Mar 03, 2011


Photo: NAEC students gather core samples from Lake Mazinaw. Courtesy of Dave Deacon

Grade nine students from North Addington Education Centre in Cloyne had a chance to get to the bottom of things when on Feb.23 they assisted Queen’s University geographer Scott Lamoureux and Professor Robert McLeman of the University of Ottawa in extracting core samples from the bottom of frozen Mazinaw Lake near Bon Echo Provincial Park. The research is part of a multi-university project aimed at understanding what impacts climate change may have in store for people of this region. The samples will be used to reconstruct the environmental changes in the Eastern Ontario Highlands over the past several centuries. By involving local communities in the project, the researchers hope to raise awareness of environmental issues and to encourage students to pursue post-secondary training in environmental research.

Participating students from Mr. Hasler's, Ms. Snider's and Ms. Lloyd’s classes at NAEC used an auger to drill holes into the lake ice, into which they inserted metre-long plastic tubes. The tubes were then lowered down to the lake bottom and a weight was used to pound the tubes into the sediment there encasing a core sample in each. The layers in the cores show a history of the environment going back hundreds of years, to pre-European settlement. Two samples were obtained, which students then took back to their classrooms, where they were studied.
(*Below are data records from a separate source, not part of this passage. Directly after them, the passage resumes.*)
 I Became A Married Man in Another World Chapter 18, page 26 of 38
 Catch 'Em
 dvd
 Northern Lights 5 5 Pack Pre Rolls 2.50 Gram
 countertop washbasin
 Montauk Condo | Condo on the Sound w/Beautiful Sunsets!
Professor Robert McLeman explained what exactly the samples showed. “We saw in both samples, about mid-way through, a large grey streak which points to an event that likely occurred roughly 100 years ago. The streak demonstrates that there was large-scale erosion going on, likely the result of the clear cutting of the forest around the lake.”

McLeman explained how this type of information would give researchers the information they are hoping to gain to get a better understanding of climate change. ”With this research we are hoping to get a better understanding of the trends of long-term environmental trends in the region. We will use the findings to help us plan for the future and help us to adapt to climate change. Similarly, because so many people live downstream from Mazinaw Lake it’s also important for us to understand what changes are happening from a water management point of view.”
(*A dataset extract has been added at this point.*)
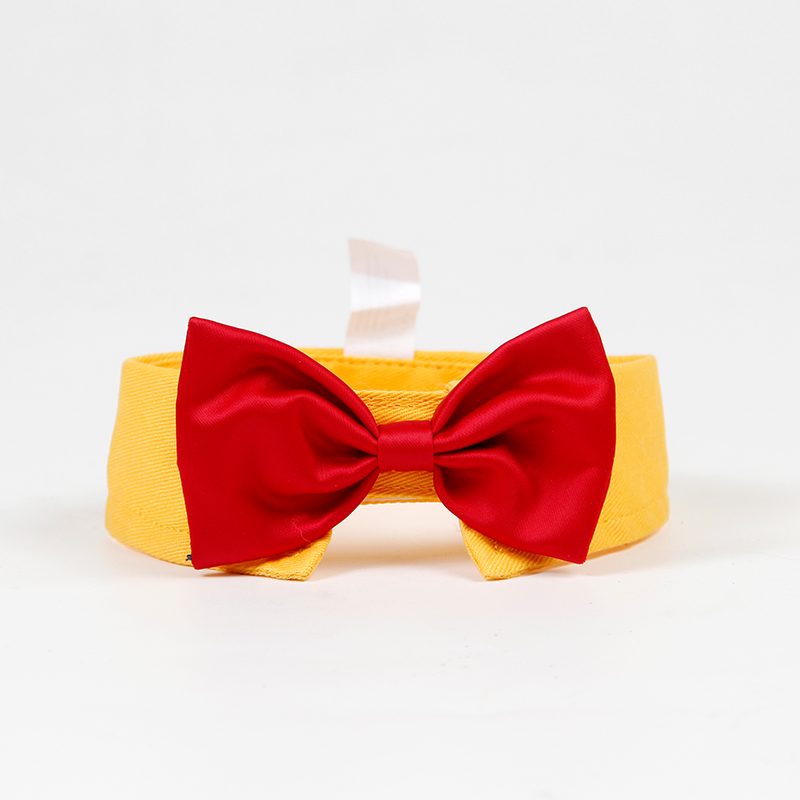 Cat and dog bow ties 4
Researchers plan to take more core samples from the lake, which will be sent to laboratories for further study. The results will also be sent to the students at NAEC for further learning opportunities.

Professor McLeman was pleased to provide the students with such an exciting and valuable hands-on learning tool. “By allowing the students to practice hands-on science in their own backyard we are hoping to get them excited about the environmental sciences and are also hoping to encourage them to pursue environmental studies later on, either at college or university.”